■ **Description of the task**
Extract the records below word for word and ignore the images.

○ ○ ○ ○ ○ ○ ○

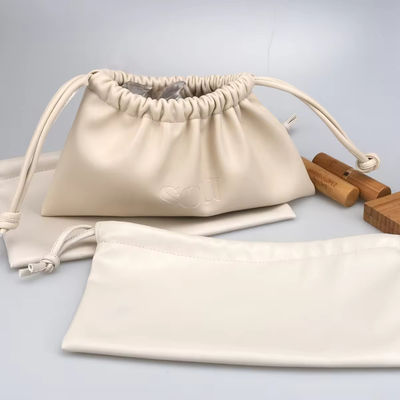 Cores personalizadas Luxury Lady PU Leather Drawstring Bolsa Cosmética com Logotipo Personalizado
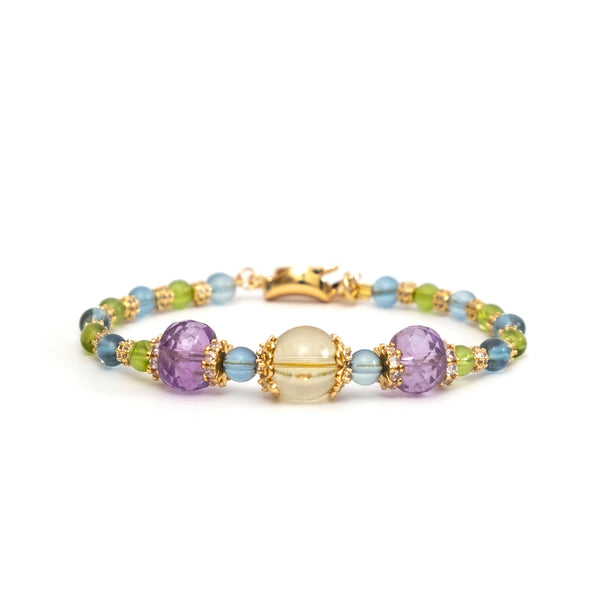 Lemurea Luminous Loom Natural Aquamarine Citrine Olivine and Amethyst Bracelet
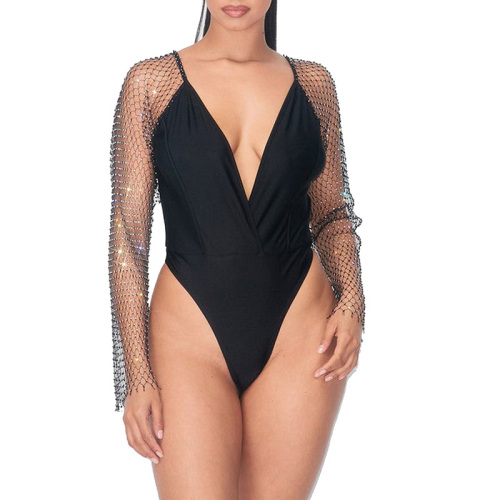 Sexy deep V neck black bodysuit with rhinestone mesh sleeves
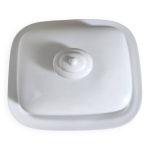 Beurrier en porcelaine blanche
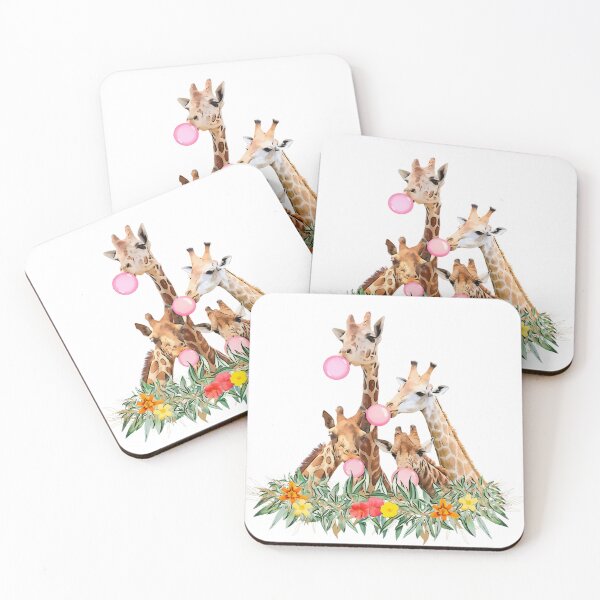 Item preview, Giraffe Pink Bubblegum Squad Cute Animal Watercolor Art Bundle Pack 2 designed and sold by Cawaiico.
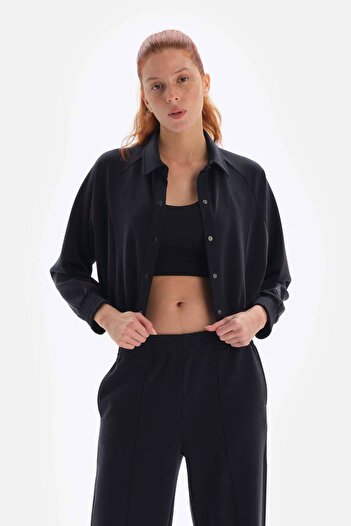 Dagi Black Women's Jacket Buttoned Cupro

○ ○ ○ ○ ○ ○ ○

■ **Reply to the task**
 Cores personalizadas Luxury Lady PU Leather Drawstring Bolsa Cosmética com Logotipo Personalizado
 Lemurea Luminous Loom Natural Aquamarine Citrine Olivine and Amethyst Bracelet
 Sexy deep V neck black bodysuit with rhinestone mesh sleeves
 Beurrier en porcelaine blanche
 Item preview, Giraffe Pink Bubblegum Squad Cute Animal Watercolor Art Bundle Pack 2 designed and sold by Cawaiico.
 Dagi Black Women's Jacket Buttoned Cupro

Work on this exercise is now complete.